OpenAI’s o3 + Swarm + RAG Python Project: Easy AI/Chat for your Docs | by Gao Dalie (高達烈) | Dec, 2024 | Towards AI

Rifx.Online
Chatbots , Programming/Scripting , Machine Learning
30 Dec, 2024

In this story, I have a super quick tutorial showing you how to create a multi-agent chatbot with Swarm, Rag and OpenAI’s o3 to make a powerful Agent Chatbot for your business or personal use.

In recent years, with the development of AI technology, “multi-agent systems” in which multiple AI agents cooperate to accomplish tasks have been attracting attention.

LLMs are like the human brain that can think independently, while AI agents are systems that further interact with the environment, make plans, and finally execute tasks. Compared to LLMs, AI agents not only tell you what to do but also help you execute it.

A large model has emerged that can not only reason but also clearly demonstrate its own “reasoning logic”.

Just now, OpenAI ushered in the finale of the year-end AI Spring Festival Gala.

The o3 series models released this time are iterative versions of o1. Considering possible copyright or trademark conflicts with British telecom operator O2, OpenAI decided to skip the “o2” naming and directly adopt “o3”.

OpenAI announced its latest inference models “o3” and “o3-mini,” sending shock waves through the AI industry. In the ARC-AGI benchmark, o3 achieved an astounding score of 87.5%, exceeding the human average score of 85%. In addition, o3-mini is optimized for coding, achieving low-cost and fast performance. These models outperform conventional AI models in complex inference tasks and set new standards in safety.

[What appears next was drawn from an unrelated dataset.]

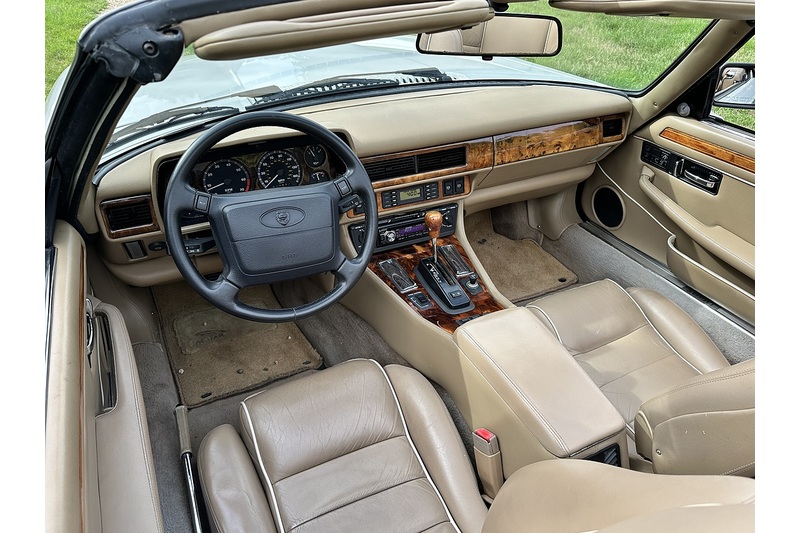 Jaguar XJS LHD Convertible - U392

Swarm is a lightweight and experimental framework designed to support the development of multi-agent systems. Unlike traditional approaches that rely heavily on the underlying Large Language Model (LLM) API, it provides a stateless abstraction for managing interactions and handovers between multiple agents.

So, let me give you a quick demo of a live chatbot to show you what I mean.

Let me ask a simple question: How do I know my current financial situation? If you take a look at how the Swarm agent generates the output. You will see that I have passed the file path to PyPDFLoader to load a PDF, extract the content, and then split it into smaller chunks using RecursiveCharacterTextSplitter. These chunks are converted into vector representations using OpenAIEmbeddings and stored in a Chroma vector store for easy retrieval.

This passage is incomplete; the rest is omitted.